Aprils Fools

SERIES: A White girl’s guide to embracing privilege

Photo courtesy of Brittany Wells


I’m tired of conversations about privilege. I can’t help the life I was born with, and I certainly don’t owe anyone anything just because I was born this way.

Being White or being Black doesn’t matter. We’ve had a Black president who fought for Black people, and I was respectful then, but now that President Trump is in office fighting for my family, I can’t even support him without Social Justice Warriors attacking me. Racism is over: There are laws that help minorities take my jobs, scholarships and spots at colleges.

I worked really hard to get where I am in life, and so did my parents. Both of my parents worked to get out of poverty to get where they are, and their race didn’t have anything to do with that hard work paying off and being taken seriously.

I’m more than just my privilege label.
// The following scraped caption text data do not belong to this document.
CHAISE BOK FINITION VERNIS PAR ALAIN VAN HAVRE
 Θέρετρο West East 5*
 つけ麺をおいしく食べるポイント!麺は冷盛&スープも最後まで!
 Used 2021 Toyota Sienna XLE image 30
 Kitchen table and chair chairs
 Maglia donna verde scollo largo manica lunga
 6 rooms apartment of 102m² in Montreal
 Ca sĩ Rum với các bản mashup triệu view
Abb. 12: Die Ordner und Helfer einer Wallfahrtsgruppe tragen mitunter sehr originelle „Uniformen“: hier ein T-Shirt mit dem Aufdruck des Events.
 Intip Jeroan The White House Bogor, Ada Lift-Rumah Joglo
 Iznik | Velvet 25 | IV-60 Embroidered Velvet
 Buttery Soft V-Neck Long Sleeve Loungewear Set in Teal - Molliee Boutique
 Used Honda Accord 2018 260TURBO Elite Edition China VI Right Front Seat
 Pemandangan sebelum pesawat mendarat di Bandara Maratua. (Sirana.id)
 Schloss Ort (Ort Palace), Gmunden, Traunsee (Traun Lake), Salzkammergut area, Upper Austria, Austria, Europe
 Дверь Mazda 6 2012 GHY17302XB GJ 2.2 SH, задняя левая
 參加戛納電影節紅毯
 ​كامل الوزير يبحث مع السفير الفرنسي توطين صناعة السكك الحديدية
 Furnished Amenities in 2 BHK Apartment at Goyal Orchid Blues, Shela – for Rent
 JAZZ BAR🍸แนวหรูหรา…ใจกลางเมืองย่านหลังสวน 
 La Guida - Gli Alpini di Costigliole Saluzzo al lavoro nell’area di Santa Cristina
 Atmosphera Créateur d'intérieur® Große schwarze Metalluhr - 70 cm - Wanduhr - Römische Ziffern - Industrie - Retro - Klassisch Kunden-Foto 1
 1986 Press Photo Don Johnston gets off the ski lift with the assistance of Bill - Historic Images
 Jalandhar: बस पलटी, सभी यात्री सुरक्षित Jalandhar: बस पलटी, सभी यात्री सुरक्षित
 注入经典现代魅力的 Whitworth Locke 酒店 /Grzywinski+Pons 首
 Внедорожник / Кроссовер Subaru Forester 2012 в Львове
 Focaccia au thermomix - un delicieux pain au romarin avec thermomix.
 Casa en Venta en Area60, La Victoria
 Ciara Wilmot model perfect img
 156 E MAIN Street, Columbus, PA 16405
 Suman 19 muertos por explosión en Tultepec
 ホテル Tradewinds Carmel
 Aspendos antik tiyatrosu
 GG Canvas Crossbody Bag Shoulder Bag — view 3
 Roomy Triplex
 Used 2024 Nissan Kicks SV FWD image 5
I’m colorblind, I donate to Salvation Army every Christmas and I hate the sin not the sinner. I’m a good person, and I make up for my privilege that way. I developed 15 tips to help you be a good privileged person just like me.

Here’s my White Girl’s Guide to Privilege!

  1. When you wake up in the morning, don’t think twice about whether or not a hoodie will get you shot.
  2. When you go to eat breakfast, don’t worry about where the next meal is coming from.
  3. When you go to class, don’t bother trying too hard to focus or remember what the teacher is saying. You’ll get by without much effort to pay attention.
  4. When meeting up with your significant other, hold hands and kiss in public without concern for how that might impact your career or social life.
  5. When you’re hanging out in your grandparents’ backyard over the weekend talk on the phone in the peace and quiet.
  6. When walking in your neighborhood, wear your religious garb to share your faith with your friends.
  7. When giving a presentation, don’t have all of the facts and figures to back up your claims on hand — no one is going to question your credibility anyway!
  8. When you need to buy something from the store while traveling, walk right in and shop at an unfamiliar gas station without worrying about your safety or being able to navigate the room without help from someone who isn’t visually impaired.
  9. When applying for colleges, just go to your guidance counselor for help, she’s got plenty of experience and time to assist you.
  10. When applying for a job, write your real name in big, bold, proud cursive! Brittany is such a beautiful White name.
  11. Don’t vote for anything with any semblance to Obamacare. You don’t need insurance because you actually work and have a job. Other people should just work and have a job like you.
  12. Ask other people to change for you. If someone’s accent bothers you, tell them they need to learn English if they want to live in America.
  13. If you don’t like a certain group of people, just send your children to private schools where all the other children look like yours.
  14. If you don’t understand something about another group of people, just ask one of them to tell you how the whole group of them feels about something.
  15. Most important of all, make sure everyone knows that being privileged doesn’t mean you didn’t work hard!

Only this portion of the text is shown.